Extract, from the records beneath this instruction, each line that contains the word "Used".

◆ Records for the task:
++++

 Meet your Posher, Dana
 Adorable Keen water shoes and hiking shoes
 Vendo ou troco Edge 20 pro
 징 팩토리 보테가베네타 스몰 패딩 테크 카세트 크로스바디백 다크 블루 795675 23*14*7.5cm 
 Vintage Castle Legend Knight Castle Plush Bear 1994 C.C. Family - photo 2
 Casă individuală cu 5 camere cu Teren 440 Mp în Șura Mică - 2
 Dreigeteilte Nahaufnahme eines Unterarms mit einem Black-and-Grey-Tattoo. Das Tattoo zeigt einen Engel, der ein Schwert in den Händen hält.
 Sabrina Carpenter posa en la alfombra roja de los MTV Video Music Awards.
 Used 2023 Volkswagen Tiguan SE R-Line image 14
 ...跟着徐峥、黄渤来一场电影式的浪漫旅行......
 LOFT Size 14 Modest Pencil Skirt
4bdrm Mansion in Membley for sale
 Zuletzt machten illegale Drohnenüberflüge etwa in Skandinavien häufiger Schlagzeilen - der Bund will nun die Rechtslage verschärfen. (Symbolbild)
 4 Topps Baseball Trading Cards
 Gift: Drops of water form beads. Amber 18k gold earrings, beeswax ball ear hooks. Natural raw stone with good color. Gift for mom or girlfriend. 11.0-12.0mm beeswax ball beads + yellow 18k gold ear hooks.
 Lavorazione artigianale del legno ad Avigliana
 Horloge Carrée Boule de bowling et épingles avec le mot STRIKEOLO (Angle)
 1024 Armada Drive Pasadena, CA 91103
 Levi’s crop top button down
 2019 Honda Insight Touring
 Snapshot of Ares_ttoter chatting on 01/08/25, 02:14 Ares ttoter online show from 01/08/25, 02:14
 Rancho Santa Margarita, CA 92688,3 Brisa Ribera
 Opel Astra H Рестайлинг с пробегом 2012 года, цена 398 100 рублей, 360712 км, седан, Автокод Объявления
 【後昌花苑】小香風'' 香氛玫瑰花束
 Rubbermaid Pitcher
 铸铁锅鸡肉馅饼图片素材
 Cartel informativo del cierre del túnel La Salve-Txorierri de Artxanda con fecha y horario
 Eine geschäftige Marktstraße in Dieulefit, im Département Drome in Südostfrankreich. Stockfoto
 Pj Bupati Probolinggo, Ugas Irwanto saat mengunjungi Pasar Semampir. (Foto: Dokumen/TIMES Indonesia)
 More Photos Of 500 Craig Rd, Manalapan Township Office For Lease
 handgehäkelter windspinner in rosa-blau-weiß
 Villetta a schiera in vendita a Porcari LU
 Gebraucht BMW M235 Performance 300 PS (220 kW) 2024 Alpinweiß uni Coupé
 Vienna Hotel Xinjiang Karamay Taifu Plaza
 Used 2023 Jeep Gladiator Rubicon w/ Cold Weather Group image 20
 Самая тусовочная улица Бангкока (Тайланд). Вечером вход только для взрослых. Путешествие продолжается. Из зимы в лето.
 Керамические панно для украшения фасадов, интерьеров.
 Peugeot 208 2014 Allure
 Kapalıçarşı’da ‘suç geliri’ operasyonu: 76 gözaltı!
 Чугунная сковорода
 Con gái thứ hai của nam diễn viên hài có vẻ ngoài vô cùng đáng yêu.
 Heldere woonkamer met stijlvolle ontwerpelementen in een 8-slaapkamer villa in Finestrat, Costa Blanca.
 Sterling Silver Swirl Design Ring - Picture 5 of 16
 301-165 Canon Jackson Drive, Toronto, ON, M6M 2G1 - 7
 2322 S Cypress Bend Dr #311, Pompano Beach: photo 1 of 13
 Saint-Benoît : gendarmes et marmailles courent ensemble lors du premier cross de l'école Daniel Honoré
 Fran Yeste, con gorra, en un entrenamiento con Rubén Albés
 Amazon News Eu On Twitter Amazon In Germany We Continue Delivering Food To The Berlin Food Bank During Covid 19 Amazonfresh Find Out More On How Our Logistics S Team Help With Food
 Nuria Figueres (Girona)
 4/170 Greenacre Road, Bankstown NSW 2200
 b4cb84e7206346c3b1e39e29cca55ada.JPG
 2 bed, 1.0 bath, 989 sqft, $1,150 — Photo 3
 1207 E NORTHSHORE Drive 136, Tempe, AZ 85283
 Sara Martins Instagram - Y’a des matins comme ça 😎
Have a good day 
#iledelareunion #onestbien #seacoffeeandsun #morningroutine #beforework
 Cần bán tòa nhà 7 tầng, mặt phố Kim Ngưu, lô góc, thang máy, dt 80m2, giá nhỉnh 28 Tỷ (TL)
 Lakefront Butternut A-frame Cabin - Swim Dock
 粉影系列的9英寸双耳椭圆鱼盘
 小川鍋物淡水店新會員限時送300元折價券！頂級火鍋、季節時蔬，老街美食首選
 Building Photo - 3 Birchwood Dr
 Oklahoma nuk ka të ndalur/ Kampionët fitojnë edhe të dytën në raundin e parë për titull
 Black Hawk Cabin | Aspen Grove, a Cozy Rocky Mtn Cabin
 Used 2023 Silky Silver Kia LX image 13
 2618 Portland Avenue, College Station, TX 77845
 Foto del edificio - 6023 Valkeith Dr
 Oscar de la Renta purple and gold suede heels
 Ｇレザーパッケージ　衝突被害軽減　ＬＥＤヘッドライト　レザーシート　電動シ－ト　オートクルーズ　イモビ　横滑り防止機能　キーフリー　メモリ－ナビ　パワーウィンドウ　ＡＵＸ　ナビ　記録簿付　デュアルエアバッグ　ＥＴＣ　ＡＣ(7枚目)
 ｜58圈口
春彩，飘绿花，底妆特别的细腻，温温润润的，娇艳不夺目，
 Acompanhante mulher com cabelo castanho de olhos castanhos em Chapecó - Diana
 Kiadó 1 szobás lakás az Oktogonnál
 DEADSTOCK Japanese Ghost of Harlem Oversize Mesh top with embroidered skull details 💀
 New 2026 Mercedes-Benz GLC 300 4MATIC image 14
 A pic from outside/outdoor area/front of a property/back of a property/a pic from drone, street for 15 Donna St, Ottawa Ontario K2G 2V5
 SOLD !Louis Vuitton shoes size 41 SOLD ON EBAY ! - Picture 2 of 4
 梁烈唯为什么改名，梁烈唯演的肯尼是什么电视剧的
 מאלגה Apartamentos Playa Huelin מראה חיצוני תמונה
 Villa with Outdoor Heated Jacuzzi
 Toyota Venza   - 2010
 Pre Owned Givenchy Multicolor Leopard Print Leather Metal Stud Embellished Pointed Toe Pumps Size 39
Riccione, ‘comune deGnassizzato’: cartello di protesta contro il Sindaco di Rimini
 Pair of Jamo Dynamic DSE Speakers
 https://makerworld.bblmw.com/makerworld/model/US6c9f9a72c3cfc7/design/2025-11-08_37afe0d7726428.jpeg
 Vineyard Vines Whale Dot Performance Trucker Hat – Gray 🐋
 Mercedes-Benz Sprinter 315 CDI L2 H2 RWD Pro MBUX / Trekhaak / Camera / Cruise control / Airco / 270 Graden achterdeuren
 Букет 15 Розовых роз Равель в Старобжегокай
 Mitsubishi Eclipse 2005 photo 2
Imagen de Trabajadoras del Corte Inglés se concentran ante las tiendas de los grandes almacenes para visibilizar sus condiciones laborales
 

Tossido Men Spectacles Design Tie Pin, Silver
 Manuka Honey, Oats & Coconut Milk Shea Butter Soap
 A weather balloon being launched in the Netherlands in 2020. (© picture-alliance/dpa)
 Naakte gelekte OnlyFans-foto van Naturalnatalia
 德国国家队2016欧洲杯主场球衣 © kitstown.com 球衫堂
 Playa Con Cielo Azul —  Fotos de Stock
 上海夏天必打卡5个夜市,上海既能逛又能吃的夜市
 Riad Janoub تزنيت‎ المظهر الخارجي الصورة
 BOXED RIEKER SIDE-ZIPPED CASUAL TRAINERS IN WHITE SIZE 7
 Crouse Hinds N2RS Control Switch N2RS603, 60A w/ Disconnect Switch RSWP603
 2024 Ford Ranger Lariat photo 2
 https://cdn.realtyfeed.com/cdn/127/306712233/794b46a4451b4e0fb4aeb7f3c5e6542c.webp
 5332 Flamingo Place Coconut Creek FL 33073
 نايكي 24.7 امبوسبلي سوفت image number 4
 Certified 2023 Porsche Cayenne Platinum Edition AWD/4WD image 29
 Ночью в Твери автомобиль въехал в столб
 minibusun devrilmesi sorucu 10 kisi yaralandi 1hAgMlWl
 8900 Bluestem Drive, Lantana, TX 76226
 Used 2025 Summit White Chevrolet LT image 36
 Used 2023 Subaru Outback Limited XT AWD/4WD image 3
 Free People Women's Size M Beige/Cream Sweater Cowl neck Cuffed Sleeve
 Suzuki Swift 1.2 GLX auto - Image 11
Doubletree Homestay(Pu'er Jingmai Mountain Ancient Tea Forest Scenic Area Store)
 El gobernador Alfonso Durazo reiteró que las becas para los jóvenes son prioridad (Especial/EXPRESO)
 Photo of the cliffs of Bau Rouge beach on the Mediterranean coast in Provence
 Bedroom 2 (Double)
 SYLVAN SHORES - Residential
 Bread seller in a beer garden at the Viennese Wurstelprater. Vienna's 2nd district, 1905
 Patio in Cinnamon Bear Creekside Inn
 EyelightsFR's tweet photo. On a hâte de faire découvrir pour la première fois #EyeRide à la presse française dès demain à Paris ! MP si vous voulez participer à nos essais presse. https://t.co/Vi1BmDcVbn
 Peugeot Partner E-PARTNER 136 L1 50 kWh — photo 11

++++

◆ Written solution:
 Used 2023 Volkswagen Tiguan SE R-Line image 14
 Used 2023 Jeep Gladiator Rubicon w/ Cold Weather Group image 20
 Used 2023 Silky Silver Kia LX image 13
 Used 2025 Summit White Chevrolet LT image 36
 Used 2023 Subaru Outback Limited XT AWD/4WD image 3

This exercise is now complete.